DATA:

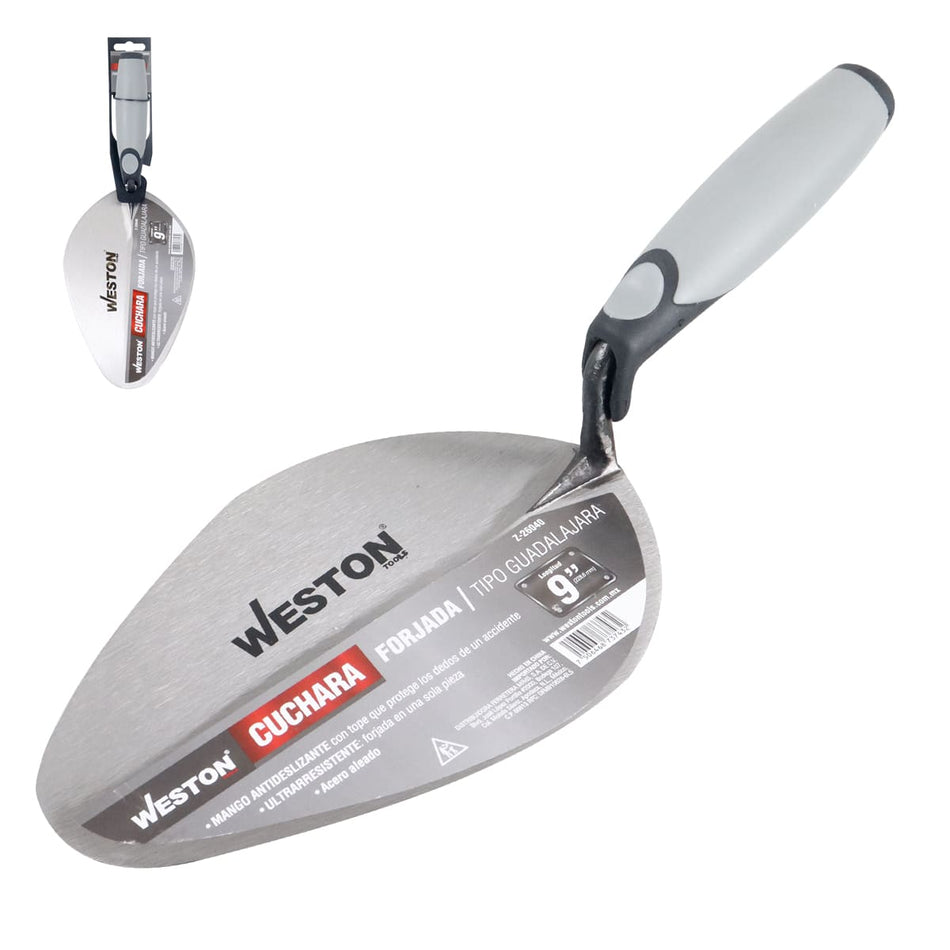 CUCHARA FORJADA TIPO GUADALAJARA 9" MANG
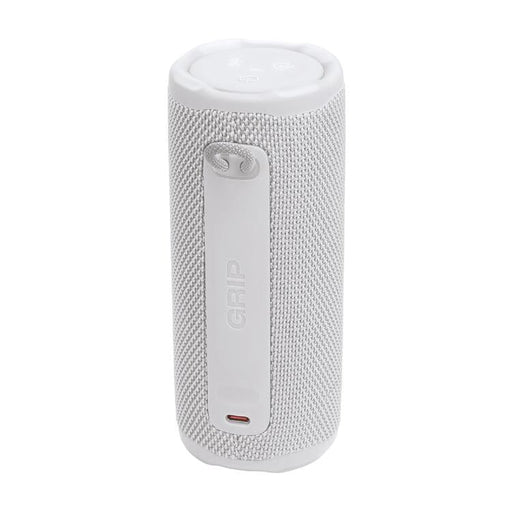 JBL Grip | Haut-parleur portatif - Bluetooth - Lumière ambiante - Blanc-Sonxplus St-Sauveur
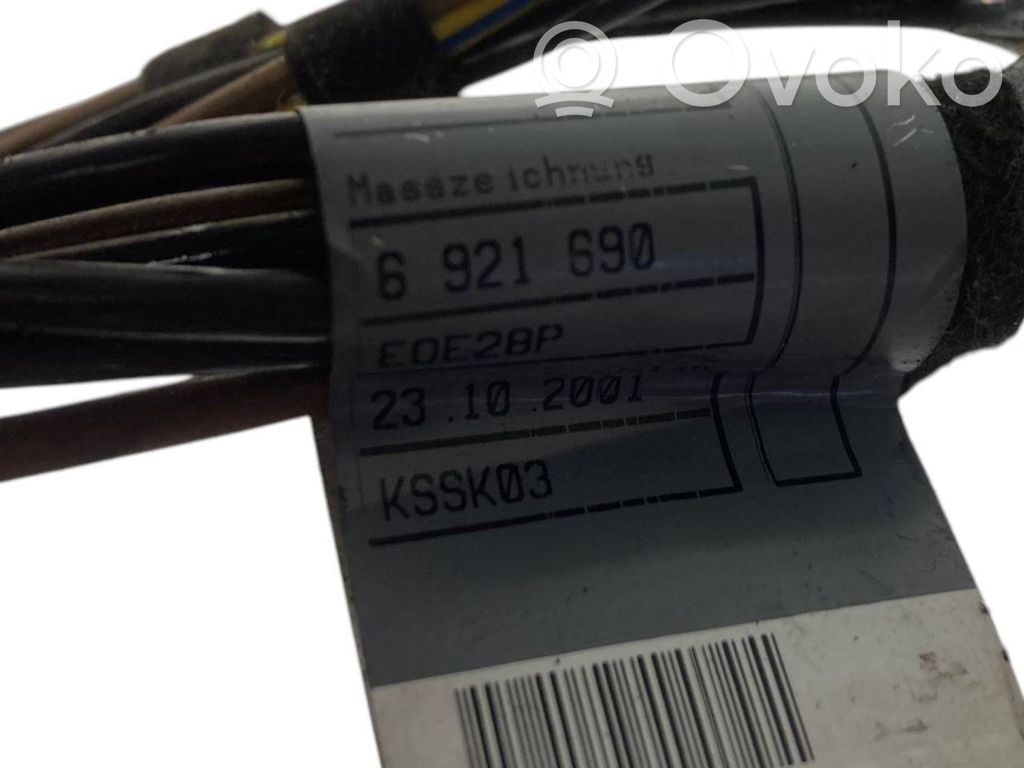 Dzinēja vadu instalācija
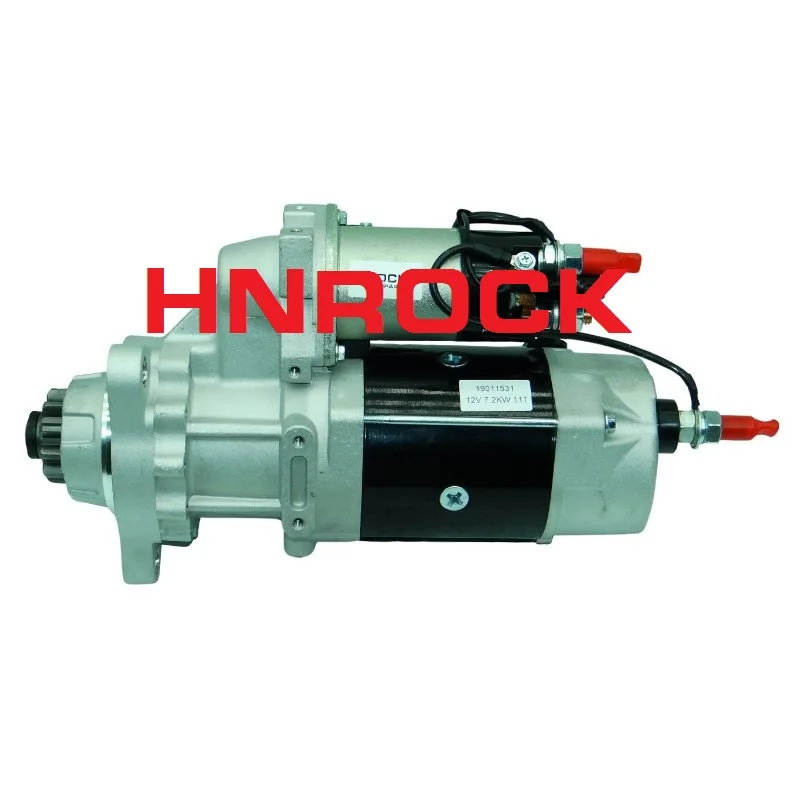

NEW HNROCK 12V STARTER 6913N 8200037 8200288 19011500 19011505 19011531 M105R2515SE M105R3508SE M110R2601SE M110R2603SE FOR MACK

TO DO: Images are not wanted in the copy. Please print the material above exactly.

WRITTEN ANSWER:
 CUCHARA FORJADA TIPO GUADALAJARA 9" MANG
 JBL Grip | Haut-parleur portatif - Bluetooth - Lumière ambiante - Blanc-Sonxplus St-Sauveur
 Dzinēja vadu instalācija

NEW HNROCK 12V STARTER 6913N 8200037 8200288 19011500 19011505 19011531 M105R2515SE M105R3508SE M110R2601SE M110R2603SE FOR MACK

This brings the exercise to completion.